APRA has been urged to uplift its IT risk and cyber assessment capabilities, with the Federal Government’s Capability Review revealing that chronic under-resourcing has hampered the prudential regulator’s ability to manage digital disruption and increasing cyber threats facing the financial services industry.
The Treasury’s Capability Review, a key recommendation of the Hayne Royal Commission, found the regulator ill-equipped to respond to the “volume, scope and pace of change” in the financial services technology.
The Capability Review panel, chaired by Graeme Samuel, acknowledged the challenge posed to long-standing operating models – from which APRA continues to benchmark its regulatory scope – by technology-enabled businesses (known otherwise as fintechs), whilst also recognising the regulator’s limited capacity to monitor data flows beyond its “perimeter”, with FSIs increasingly farming out their data to third-party service providers (including cloud vendors).
As part of the Treasury review process, APRA’s staff were surveyed on a range of concerns impacting their regulatory enforcement capabilities. In one count, less than half (43 per cent) of all respondents considered the watchdog well positioned to identify “material issues” with FSI’s operational resilience.
The Review panel found staff hampered by a number of structural and resourcing issues within the regulator, including a “piecemeal and limited” prudential review schedule, unexplained delays in assisting FSIs with cloud and systems migration compliance, “variable confidence” across frontline teams to engage with IT risk, and no prudential standard for data management.
The Review also highlighted the distinct lack of IT risk and cyber specialists within APRA’s retinue, “[limiting its] scope for in-depth forward-looking research” to mitigate risk.
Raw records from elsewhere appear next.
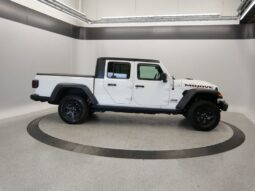 
 Jeep Gladiator full									
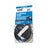 NASTRO AGGRAPPA RETE ZANZARIERA 5 M NERO- IRS- 1,0 pz
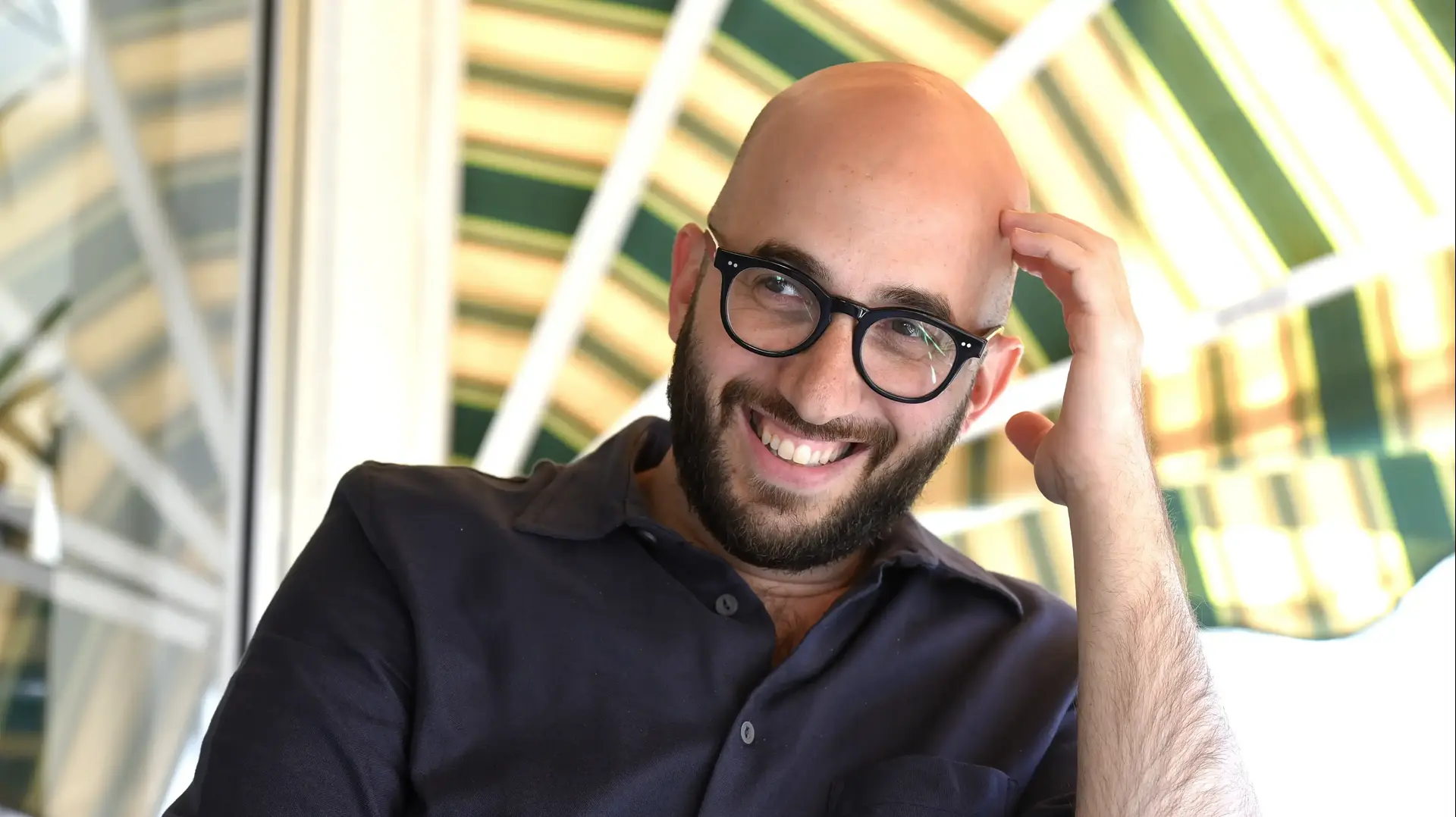 אדם סנדרסון אדם סנדרסון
Curiously, the regulator maintains just nine dedicated IT risk (including cyber) staff, with comparable regulators were estimated to have between 30 and 49 dedicated specialists, the Review panel found.
Moreover, despite a 2018 update to its Cyber Risk Strategy, the panel found that APRA still does not have a formal cyber incident response plan or a routine data collection process.
Whilst acknowledging APRA’s efforts to improve the industry’s cyber resilience and threat resistance, the panel stressed that the watchdog still lags its leading peers.
“Internationally, prudential regulators identify cyber-risk as a top-tier priority. It is recognised as a challenging and rapidly developing area. The prudential regulators leading in this area have taken steps, including coordinating penetration testing, facilitation of industry information sharing, setting minimum ‘hygiene’ standards for industry and developing incident response protocols,” the panel said in its report.
These capabilities, the Panel tacitly acknowledged, remain distinctly lacking in APRA’s existing cyber risk management capability.
Review authors also urged APRA to take on a greater leadership role to bolster the financial sector’s cyber defences and efforts to extend this at a “national level”, whilst stressing that the no watchdog can or should be expected to prevent cyberattacks.
Recognising the limitations of building a cyber risk capability internally, due to the overwhelming scale and mandate of APRA, the panel urged the regulator to seek outside help, “[building] strong allegiances with public and private sector experts, other regulators and financial firms to augment its internal capacity and to collaborate on ways to strengthen the cyber resilience of APRA’s regulated sectors.”
APRA offered only brief responses to the panel’s recommendations, saying that while it supported the panel’s advice to boost cyber resilience, additional resources would be needed to achieve this.
The regulator nevertheless appeared keen to embrace greater collaboration and partnerships cross-sector to bolster IT risk capacity and capability, stating it is in the process of “developing a cyber and technology strategy that includes building strong allegiances with public and private sector experts.”